Four MOPR Takeaways for Corporate Renewable Energy Buyers
- Having access to hundreds of projects with transparent information on their development status is important to making good decisions about which PPA to enter into. For instance, projects with signed interconnection agreements are exempt from MOPR. In general, interconnection status and development maturity is a critical factor in evaluating which projects have the least risk and best opportunity to reach commercial operation.
- REC-only prices can react significantly to regulatory catalysts, just like electricity prices. Satisfying sustainability claims only through RECs can be risky. Choosing a PPA with risk-optimized value, however, gives a larger margin of confidence as a buyer is procuring a bundled product of RECs and energy through a project. The primary value driver of PPAs is future wholesale electricity prices. That is why at LevelTen we put so much effort into analyzing market price risk. When a corporate buyer procures through a VPPA, the RECs come along with the contract, so the risk of moving REC prices is somewhat lessened. For corporations familiar with e-certified RECs, these are the project RECs that are typically tracked within the ISO or through contract auditing for authenticity.
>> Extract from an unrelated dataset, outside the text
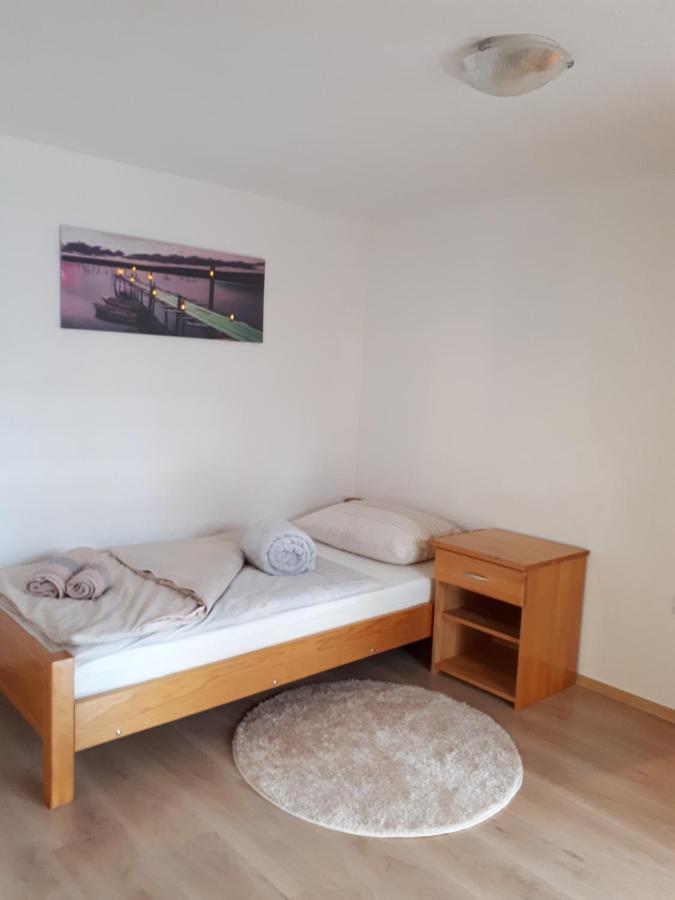 Apartman Ivana Jajce Εξωτερικό φωτογραφία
As we saw above, a state REC-only price appreciation from $6.50 to $9.00, or 38%, is a tremendous move in only a few months. This sort of volatility must be taken into consideration when deciding whether to achieve sustainability goals through unbundled RECs or a bundled energy + RECs PPA. By procuring your company's energy through a VPPA, you know exactly where the power comes from and know that your organization's commitment supports bringing a new renewable energy asset online.
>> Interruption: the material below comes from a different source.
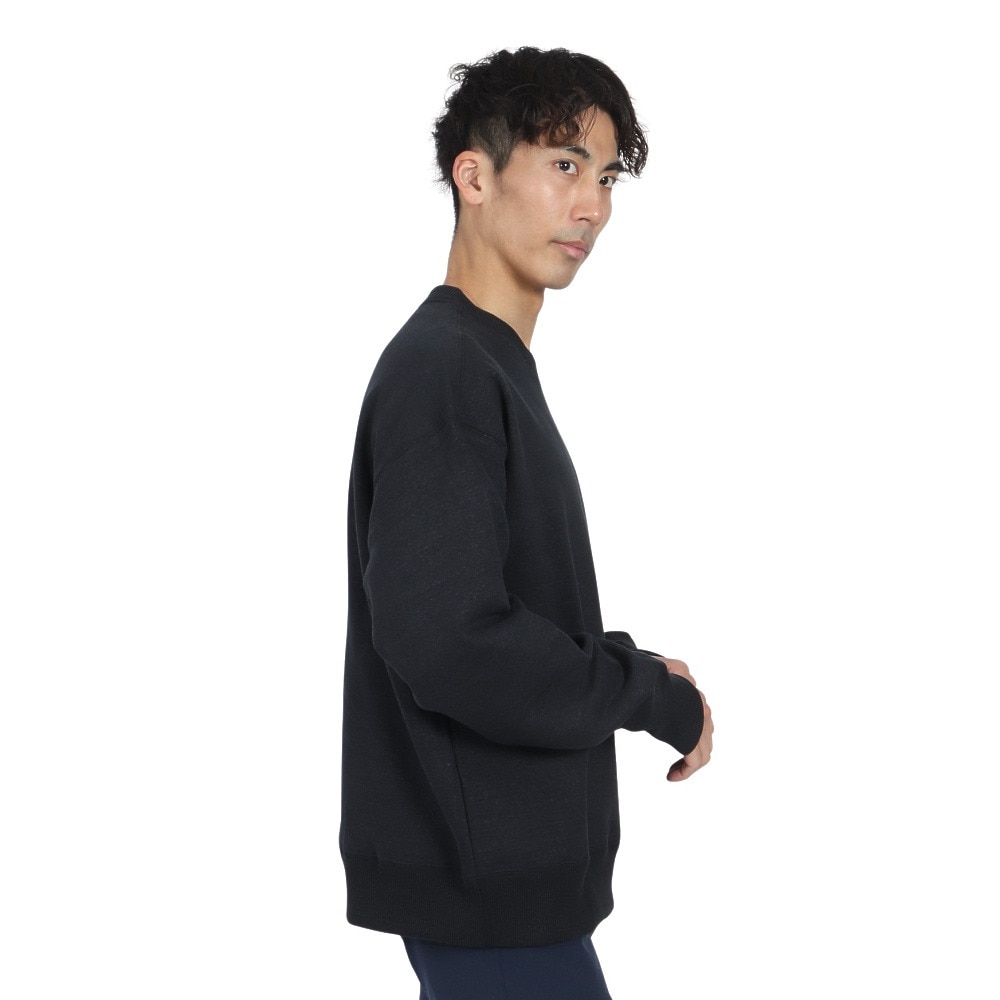 Amazon.co.jp: THE NORTH FACE(ザ・ノース・フェイス) クルー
- Portfolios are one way to mitigate price fluctuations caused by regulatory changes in one region. LevelTen makes it easy to procure PPAs from projects across many regions and energy subtypes. LevelTen has the deepest pool of PPA offers available across North America. With our Dynamic Matching Engine, we can provide portfolio structuring that minimizes idiosyncratic risk (don't put all of your eggs in one basket). A great example of this is the three-PPA portfolio that we put together for Starbucks.
- The renewable energy industry continues to press forward while awaiting FERC's response to PJM's filing, which dictates how certain energy generators will be treated under MOPR. The good news is that it appears that the worst-case scenario has been avoided. While questions remain on how RECs may be sold by corporates who have currently have title to them, for new contracts, developers have regained confidence in moving forward contracting projects across the PJM region.
More to Come?
While PJM is the nation's biggest grid operator and gets its fair share of publicity, it is not the only organization that is undergoing possible capacity market reforms. In New York (and its NYISO operator), MOPR has surfaced in another form as "buyer side mitigation," but the message is very similar. Although renewable (or intermittent) resources may be exempt, possible limitations to offer prices may apply to energy storage resources such as batteries. This would hamper the growth of a lynchpin technology in what is a congested area of the country for transmission and put some of New York's clean energy goals in jeopardy.